Lenka Štěpánková & Marek Tischler – Back-to-back on the Equator

8/11 – 6/12/2019

Even when the idea for this exhibition was first hatched two years ago, it was clear that it would be less of a joint project and more of a duet. We met Lenka and Marek in Vasil Artamonov’s studio at FaVU not as an artistic duo but as two independent genre painters, each with their own distinctive style inspired, among other things, by the realism of the first two decades of the 20th century. Both artists share a strong common interest in the humanist dimension of their depicted subjects, and their worlds of portrait painting and still-lifes have harmonically filled so-called “traditional” art forms with still-vibrant themes. Two years is a long time for an artist – a period of joyful and unfettered discursive leaps, experiments, and trial-and-error. Quite understandably, everything is different today, and their joint exhibition is envisioned as a meeting of two, to a certain extent, antithetical worlds.

Štěpánková’s art has so far been characterized by a highly distinctive approach to portraiture – colorfully dense and compact. One might say that her paintings are primarily meant to be encounters with loved ones – direct and unflinching gazes of beautiful beings, sensory and innocent all at once. At the same time, her portraits have ever more openly asked what role women play in the world of art. Her most recent work with small-scale drawings and video is merely an extension of this approach – except that instead of creating portraits of people she is looking at how they see the world around them. Their individual features no longer matter; their silent presence in the form of their relaxing cat is enough. In her moving pictures, Štěpánková makes excellent use of film’s typical characteristic – the possibility of using the camera as the viewer’s eye, to pull the observer directly into the action and literally accompany them on their path. Her images, free of editing or action, possess an unsettling sense of tension, even though we are watching the everyday habitual movement of one woman or a group of girls resting at sunset. Our attention is drawn to minor but meaningful gestures.
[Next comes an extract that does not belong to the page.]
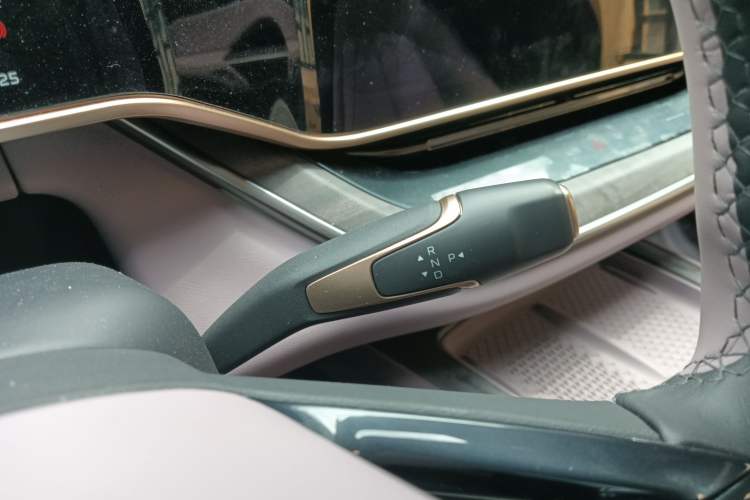 Used Hongqi Tiangong 08 2025 680 Ultra Four-Wheel-Drive Version Gear Lever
Marek Tischler has successfully avoided the more lofty forms of art and turns his back on higher matters in life. He is more likely to transform the world around him into a work of art, and so the chosen motifs of his paintings are the most elemental of objects, which he uses as a means for experimenting with shapes. The rules and purpose of this game depend on our intimate knowledge of ordinary items and especially their function. He is capable of producing a captivating image with just the simplest use of color and his typical caricature style. His cycle of monothematic paintings on the subject of screws, bolts, and other fasteners is more than just an aesthetic range of nuances of intensity and degree – it is primarily an old-fashioned way of identifying the importance or even superiority of the concept of repetition, an understanding of the fact that two same things differ from one another or are identical or are in some way related or could even form a meaningful pair, group, or whole that holds our world together.